__Your instructions__
Starting at the first line of the data, print each line verbatim up to and including the line bearing "pixbet baixar", omitting pictures.

*** Opening of Provided information ***

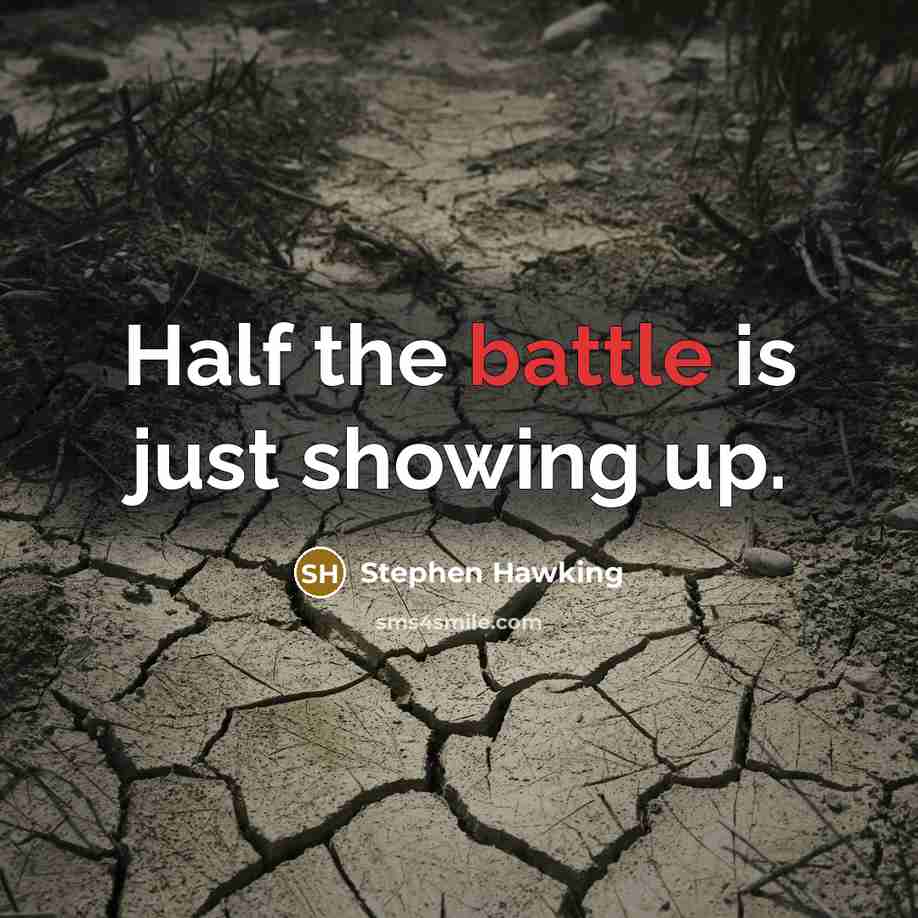 “Half the battle is just showing up.…” quote by Stephen Hawking
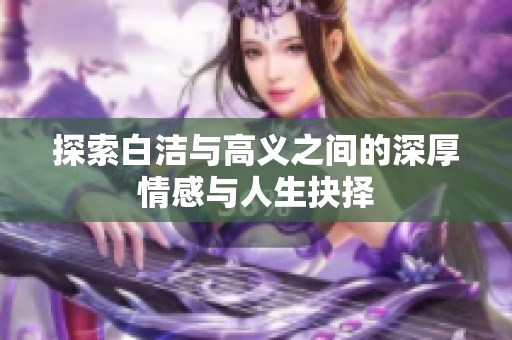 探索白洁与高义之间的深厚情感与人生抉择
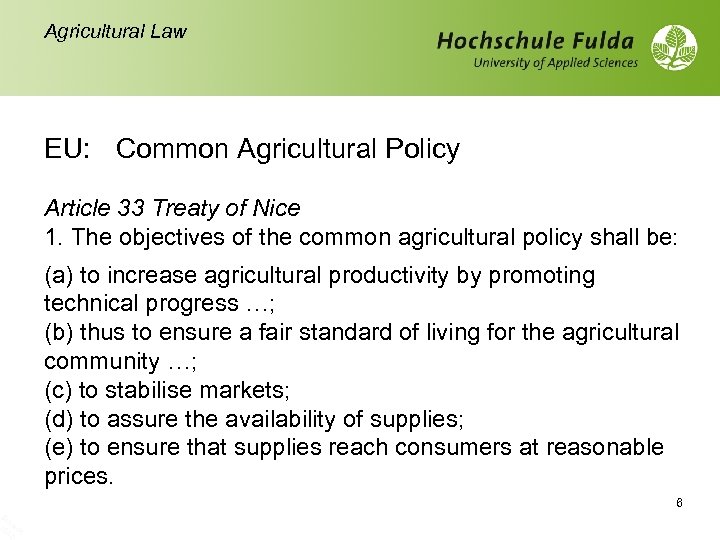 Sc h 10 rade /10 r Agricultural Law EU: Common Agricultural Policy Article 33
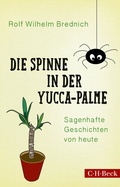 Cover: Die Spinne in der Yucca-Palme - C.H.BECK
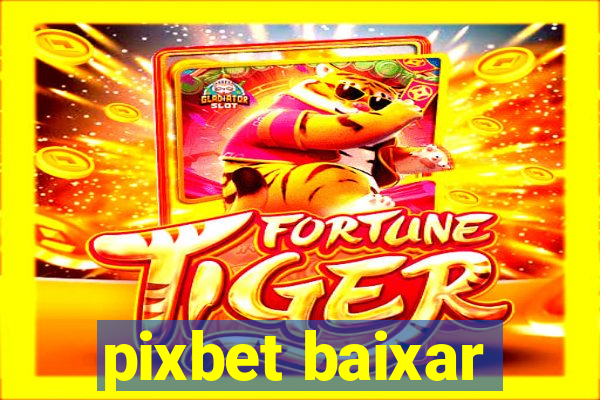 pixbet baixar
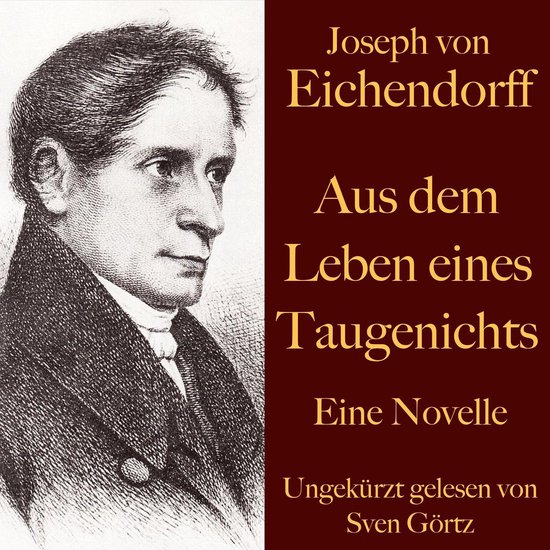 Eichendorff Aus Dem Leben Eines Taugenichts Joseph von Eichendorff: Aus dem Leben eines Taugenichts, Joseph Von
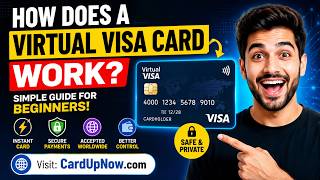 How Does a Virtual Visa Card Work? Complete Beginner Guide | CardUpNow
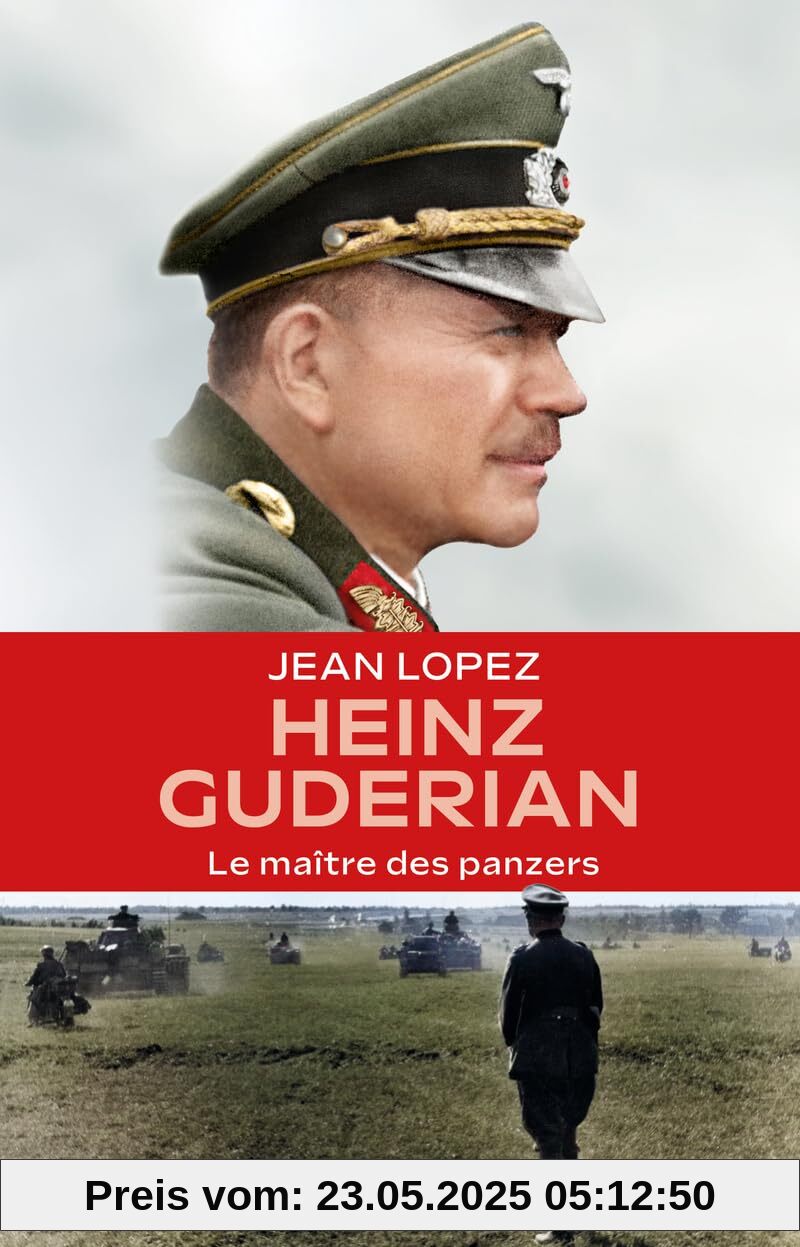 Heinz Guderian: Le maître des panzers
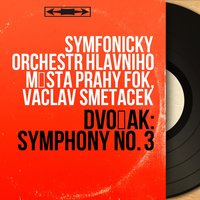 Symphony No. 3 in E-Flat Major, Op. 10, B. 34: I. Allegro moderato - Symfonický orchestr hlavního města Prahy FOK & Антонин Дворжак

*** Close of Provided information ***

__Answer box__
 “Half the battle is just showing up.…” quote by Stephen Hawking
 探索白洁与高义之间的深厚情感与人生抉择
 Sc h 10 rade /10 r Agricultural Law EU: Common Agricultural Policy Article 33
 Cover: Die Spinne in der Yucca-Palme - C.H.BECK
 pixbet baixar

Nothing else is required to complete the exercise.